- _What needs to be done_
Entries follow. Give back exactly the lines starting at the one containing "This is easily" and ending at the one containing "In some cases", and no other lines.

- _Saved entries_
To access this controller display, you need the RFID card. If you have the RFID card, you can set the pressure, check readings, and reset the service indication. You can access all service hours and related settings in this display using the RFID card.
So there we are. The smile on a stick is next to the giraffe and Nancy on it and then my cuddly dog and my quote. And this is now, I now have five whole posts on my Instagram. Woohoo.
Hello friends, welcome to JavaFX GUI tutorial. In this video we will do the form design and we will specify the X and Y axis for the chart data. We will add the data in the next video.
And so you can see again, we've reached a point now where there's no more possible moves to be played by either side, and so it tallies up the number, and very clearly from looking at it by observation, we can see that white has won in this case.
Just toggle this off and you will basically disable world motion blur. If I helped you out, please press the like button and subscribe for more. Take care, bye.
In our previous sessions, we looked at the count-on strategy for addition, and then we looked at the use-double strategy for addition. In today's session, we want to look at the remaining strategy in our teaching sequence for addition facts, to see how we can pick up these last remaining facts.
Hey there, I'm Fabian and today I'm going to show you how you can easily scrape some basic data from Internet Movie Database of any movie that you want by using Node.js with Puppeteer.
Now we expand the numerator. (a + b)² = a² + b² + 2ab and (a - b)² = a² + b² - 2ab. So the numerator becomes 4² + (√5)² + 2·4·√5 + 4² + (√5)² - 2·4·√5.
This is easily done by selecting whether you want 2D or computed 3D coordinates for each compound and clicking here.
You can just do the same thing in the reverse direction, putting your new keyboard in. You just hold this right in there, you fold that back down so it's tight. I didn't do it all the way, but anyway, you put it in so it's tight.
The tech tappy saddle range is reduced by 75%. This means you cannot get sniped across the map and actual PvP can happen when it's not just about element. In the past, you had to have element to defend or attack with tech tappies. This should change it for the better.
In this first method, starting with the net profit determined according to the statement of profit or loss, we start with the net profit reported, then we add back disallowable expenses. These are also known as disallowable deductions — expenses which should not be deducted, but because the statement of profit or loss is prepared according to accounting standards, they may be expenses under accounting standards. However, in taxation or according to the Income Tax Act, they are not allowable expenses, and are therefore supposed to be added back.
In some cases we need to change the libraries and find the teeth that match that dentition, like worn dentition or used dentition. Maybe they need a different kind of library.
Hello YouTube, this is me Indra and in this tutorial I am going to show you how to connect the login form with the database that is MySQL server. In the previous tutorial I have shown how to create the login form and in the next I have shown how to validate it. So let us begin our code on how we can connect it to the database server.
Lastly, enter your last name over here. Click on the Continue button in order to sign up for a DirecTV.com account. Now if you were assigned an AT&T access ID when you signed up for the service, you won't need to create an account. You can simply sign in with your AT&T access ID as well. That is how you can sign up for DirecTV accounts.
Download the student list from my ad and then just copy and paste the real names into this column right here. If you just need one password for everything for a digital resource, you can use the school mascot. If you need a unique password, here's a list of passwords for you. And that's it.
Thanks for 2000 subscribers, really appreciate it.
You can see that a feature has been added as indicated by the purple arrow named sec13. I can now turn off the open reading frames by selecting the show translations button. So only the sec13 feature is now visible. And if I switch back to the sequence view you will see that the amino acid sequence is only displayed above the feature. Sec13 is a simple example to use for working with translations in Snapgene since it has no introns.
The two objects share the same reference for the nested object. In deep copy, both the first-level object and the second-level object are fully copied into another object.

- _Reply_
This is easily done by selecting whether you want 2D or computed 3D coordinates for each compound and clicking here.
You can just do the same thing in the reverse direction, putting your new keyboard in. You just hold this right in there, you fold that back down so it's tight. I didn't do it all the way, but anyway, you put it in so it's tight.
The tech tappy saddle range is reduced by 75%. This means you cannot get sniped across the map and actual PvP can happen when it's not just about element. In the past, you had to have element to defend or attack with tech tappies. This should change it for the better.
In this first method, starting with the net profit determined according to the statement of profit or loss, we start with the net profit reported, then we add back disallowable expenses. These are also known as disallowable deductions — expenses which should not be deducted, but because the statement of profit or loss is prepared according to accounting standards, they may be expenses under accounting standards. However, in taxation or according to the Income Tax Act, they are not allowable expenses, and are therefore supposed to be added back.
In some cases we need to change the libraries and find the teeth that match that dentition, like worn dentition or used dentition. Maybe they need a different kind of library.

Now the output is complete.